■ WHAT YOU SHOULD DO ■
Quote word for word the lines starting at the line with "Sax Block Printing" and ending at the final line of the entries. Leave out any pictures.

[Source data]
......

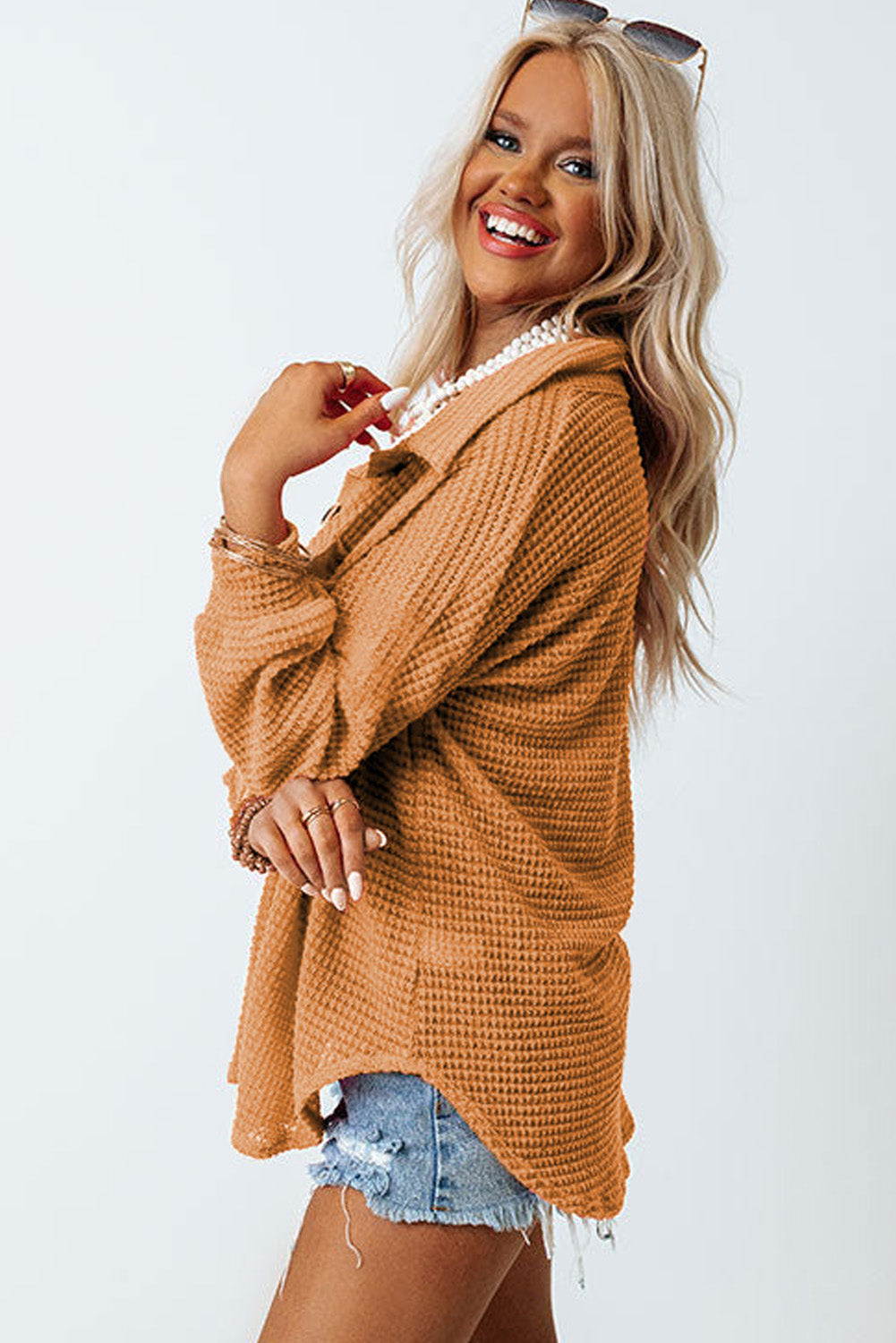 Waffle-Knit Collared Neck Long Sleeve Shirt - The Daily Makeover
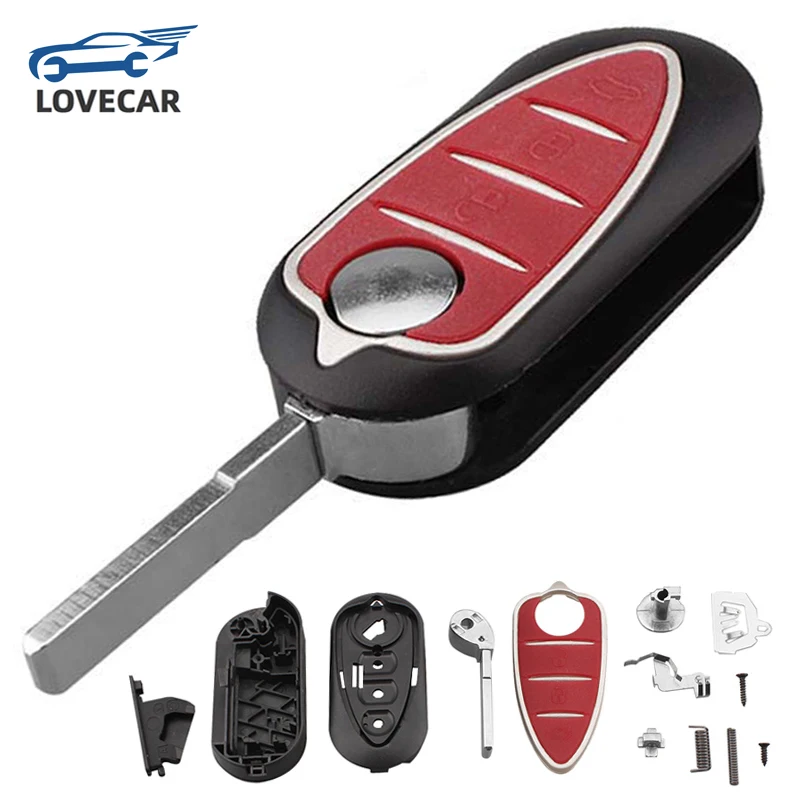 3 Buttons Remote Car Key Shell Fob Uncut Blade Fit Folding Flip Car Key Case Cover for Alfa Romeo Mito Giulietta 159 GTA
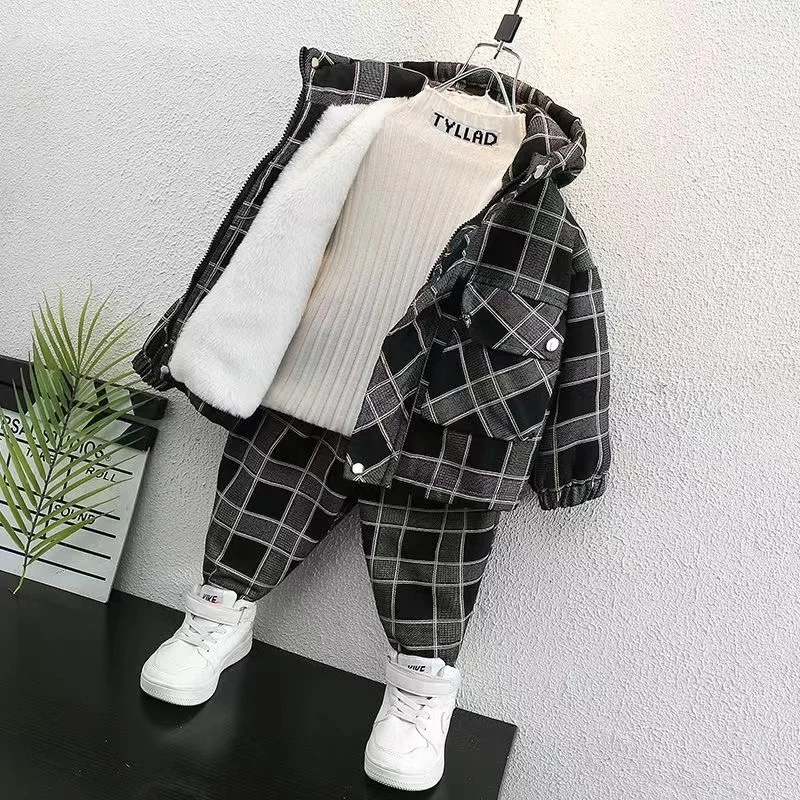 

Boys Cardigan Zipper Plush Velvet Thick Warm Plaid Hooded Coats Outwear+Pant 2pcs Autumn Witer Outfit Baby Fashion Sport Clothes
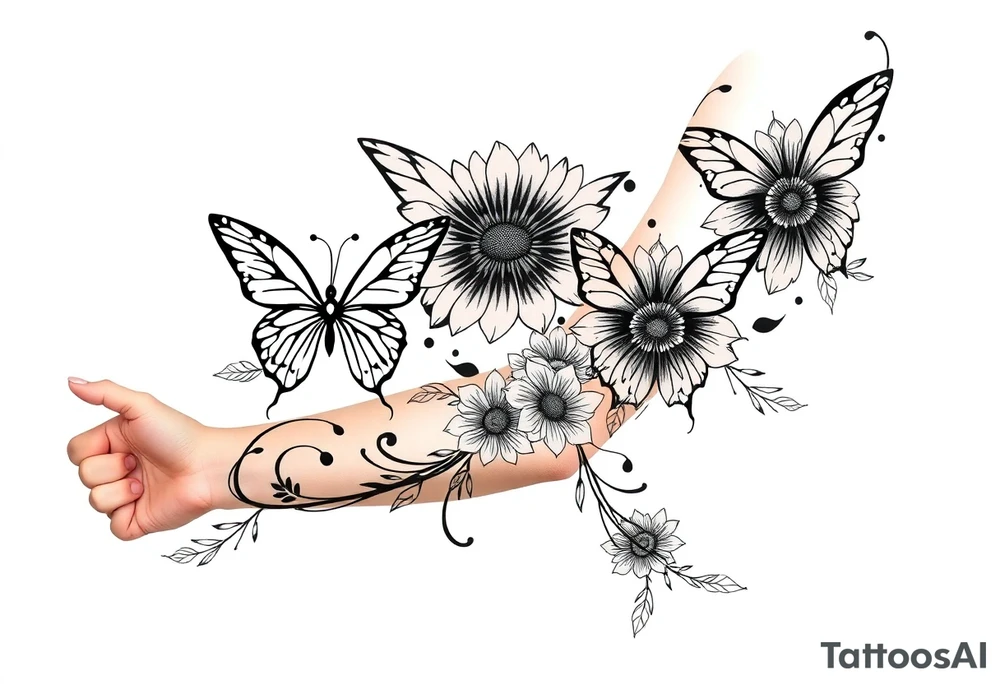Butterflies tulips and sunflowers tattoo idea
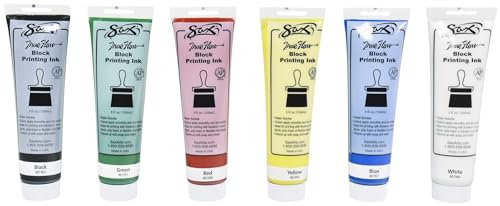 Sax Block Printing Inks for School and Arts and Crafts Use, Fluorescent Colors, 5 Ounce Tubes, Set of 6
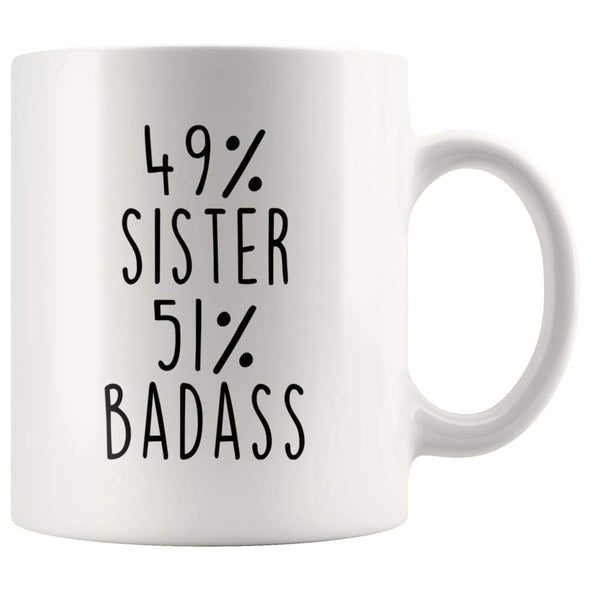 49% Sister 51% Badass Coffee Mug - BackyardPeaks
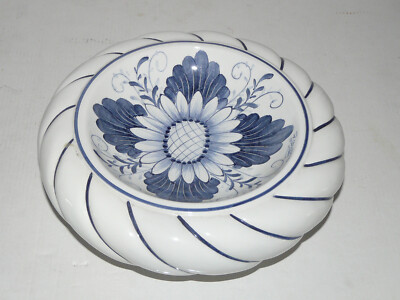Runde hohe Schale aus Spanien blau/weiß handgemalt -Este- Ceramica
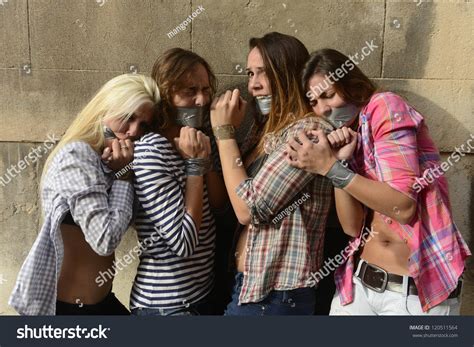 Human Trafficking Group Young Women Kidnapped Stock Photo 120511564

......

■ OUTPUT ■
 Sax Block Printing Inks for School and Arts and Crafts Use, Fluorescent Colors, 5 Ounce Tubes, Set of 6
 49% Sister 51% Badass Coffee Mug - BackyardPeaks
Runde hohe Schale aus Spanien blau/weiß handgemalt -Este- Ceramica
 Human Trafficking Group Young Women Kidnapped Stock Photo 120511564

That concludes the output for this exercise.